## EXERCISE DESCRIPTION
The entries below contain a line with "Doubletree By Hilton Sukhumvit Bangkok" and a line with "Boonbundal Hotel Roi Et Exterior foto". Retype exactly everything from the first down to the second, both included, and nothing else.
EXCERPTED DATA below:
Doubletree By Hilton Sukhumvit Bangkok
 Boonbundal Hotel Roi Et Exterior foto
End of EXCERPTED DATA.
EXCERPTED DATA below:
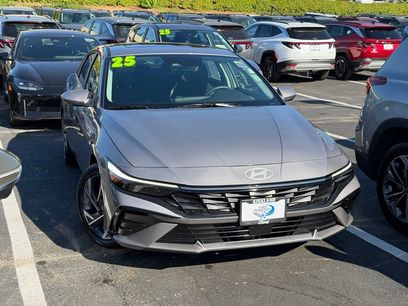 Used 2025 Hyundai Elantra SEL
End of EXCERPTED DATA.
## WRITTEN ANSWER
Doubletree By Hilton Sukhumvit Bangkok
 Boonbundal Hotel Roi Et Exterior foto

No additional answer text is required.